String theory is not just a theory of strings. In its simplest formulation, it is a theory of strings which can only interact by exchanging other strings, not by exchanging point particles (or anything else). This excludes things like atomic polymers, or strings made out of points, or strings that interact by self-intersection, except to the extent that you can view the special string-theory strings as made out of string bits, like in Matrix theory.
The historical marginalization of S-matrix theory and its practitioners is the main reason that the string assumption is played up, and the bootstrap assumptions are played down. Bootstrap was politically unpopular, and any theory that said "bootstrap" would be ignored in the 1980s and 1990s.
A good list of requirements on string theory is this:
- There are strings, so the spectrum of the theory is the oscillation spectrum of a string worldsheet action.
- the exchange of strings is the source of all the (perturbative) forces in string theory. This means that once you know the string spectrum, you know the interactions are by summing over all intermediate states of the string alone, with nothing else.

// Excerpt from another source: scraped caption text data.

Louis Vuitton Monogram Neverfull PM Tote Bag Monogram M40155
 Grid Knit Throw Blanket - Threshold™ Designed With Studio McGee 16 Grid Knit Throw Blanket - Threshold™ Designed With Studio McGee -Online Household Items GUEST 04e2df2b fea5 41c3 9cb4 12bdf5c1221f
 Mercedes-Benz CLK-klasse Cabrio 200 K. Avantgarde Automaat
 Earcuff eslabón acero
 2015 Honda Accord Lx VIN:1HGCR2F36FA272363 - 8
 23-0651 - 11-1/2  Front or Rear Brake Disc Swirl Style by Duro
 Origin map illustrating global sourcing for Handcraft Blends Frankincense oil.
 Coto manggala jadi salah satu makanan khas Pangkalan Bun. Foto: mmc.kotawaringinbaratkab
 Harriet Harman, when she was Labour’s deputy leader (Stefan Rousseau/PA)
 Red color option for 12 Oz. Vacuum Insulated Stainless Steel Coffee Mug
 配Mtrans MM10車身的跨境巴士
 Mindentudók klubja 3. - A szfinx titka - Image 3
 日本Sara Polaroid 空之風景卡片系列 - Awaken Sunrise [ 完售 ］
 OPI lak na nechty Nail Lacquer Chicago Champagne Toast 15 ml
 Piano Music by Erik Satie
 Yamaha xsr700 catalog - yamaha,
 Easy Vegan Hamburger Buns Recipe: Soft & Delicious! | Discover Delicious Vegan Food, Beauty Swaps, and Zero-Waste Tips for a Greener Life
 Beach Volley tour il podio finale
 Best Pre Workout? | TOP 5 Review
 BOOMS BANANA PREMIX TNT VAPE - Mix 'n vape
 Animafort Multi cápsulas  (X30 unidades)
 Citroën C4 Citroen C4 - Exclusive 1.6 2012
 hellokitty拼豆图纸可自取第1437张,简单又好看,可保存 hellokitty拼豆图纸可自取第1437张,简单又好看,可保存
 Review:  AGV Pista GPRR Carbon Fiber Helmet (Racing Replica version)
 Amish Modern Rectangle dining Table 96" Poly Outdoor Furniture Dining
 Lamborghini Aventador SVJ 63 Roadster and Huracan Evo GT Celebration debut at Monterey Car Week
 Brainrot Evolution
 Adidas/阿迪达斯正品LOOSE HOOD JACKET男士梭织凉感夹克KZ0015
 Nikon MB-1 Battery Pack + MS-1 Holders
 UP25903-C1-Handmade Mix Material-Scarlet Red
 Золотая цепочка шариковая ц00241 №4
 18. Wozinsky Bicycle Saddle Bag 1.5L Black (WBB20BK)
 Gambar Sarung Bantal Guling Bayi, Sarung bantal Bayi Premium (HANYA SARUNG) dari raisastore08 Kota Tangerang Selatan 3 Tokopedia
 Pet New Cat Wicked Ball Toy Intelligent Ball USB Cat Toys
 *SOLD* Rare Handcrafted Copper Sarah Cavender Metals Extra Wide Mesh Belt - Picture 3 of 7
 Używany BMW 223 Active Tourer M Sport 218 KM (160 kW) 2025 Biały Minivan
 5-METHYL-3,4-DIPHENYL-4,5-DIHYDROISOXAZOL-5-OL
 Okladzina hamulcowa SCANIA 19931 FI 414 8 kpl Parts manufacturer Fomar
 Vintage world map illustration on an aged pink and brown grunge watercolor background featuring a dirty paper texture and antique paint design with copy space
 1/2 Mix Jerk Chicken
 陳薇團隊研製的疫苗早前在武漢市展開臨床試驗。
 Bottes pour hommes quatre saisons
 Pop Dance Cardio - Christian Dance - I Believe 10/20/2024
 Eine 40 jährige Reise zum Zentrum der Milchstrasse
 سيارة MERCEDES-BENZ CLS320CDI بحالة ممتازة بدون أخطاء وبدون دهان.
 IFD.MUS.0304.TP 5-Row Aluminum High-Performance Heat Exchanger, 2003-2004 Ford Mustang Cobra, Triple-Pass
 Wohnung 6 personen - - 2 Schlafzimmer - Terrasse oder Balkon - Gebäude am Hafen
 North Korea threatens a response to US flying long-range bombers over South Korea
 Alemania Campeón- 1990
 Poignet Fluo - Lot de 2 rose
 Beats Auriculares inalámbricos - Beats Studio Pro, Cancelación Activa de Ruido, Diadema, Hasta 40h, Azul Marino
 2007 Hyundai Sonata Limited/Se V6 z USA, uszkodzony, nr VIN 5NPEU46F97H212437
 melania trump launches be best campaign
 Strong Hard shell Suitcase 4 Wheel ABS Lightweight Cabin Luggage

- The scattering is Regge-soft scattering in Regge limits. This requirement is technical, and hard to state for a general audience, so it is left out. What it says is that the sum over all intermediate string states gives cancelling amplitude from particles of different spins, and that these cancellations lead to an amplitude that falls off faster than a power at very high energies. although each spin-n state gives an amplitude that blows up ever harder at high energies. This is sometimes called the bootstrap assumption, the assumption that everything in the theory is a bound state which is part of a family of related bound states which together give softer scattering than each one individually.
- The exchange of strings in the t-channel is the same as exchange in the s-channel, and does not require counting the particles separately. This gives the world-sheet picture, from the symmetry properties of tree diagrams in such a theory. That the interactions are by worldsheet just is not derivable from the spectrum alone, without the assumption that the spectrum bootstraps, and doesn't resolve to something else at short distances.
These requirements partially overlap, nobody has made orthogonal axioms. Together with the following rule:
- The string must have a fermionic excitation
They should be enough to uniquely determine the perturbative superstring theories. It is clear that there is at least one string theory that people missed completely, this is Simeon Hellerman's M-theory-on-a-Klein-bottle strings, and there are tons of different vacua which could be thought of as new theories in this formulation, because each S-matrix is a different theory.
These perturbative string theories link up non-perturbatively into an ubertheory called M-theory. A theory today would be called part of string theory if it is a description of some configuration of M-theory. There is no full enumeration of these, so it is impossible to say exactly what a configuration is, although there is a partial list, and there is no real arbitrariness.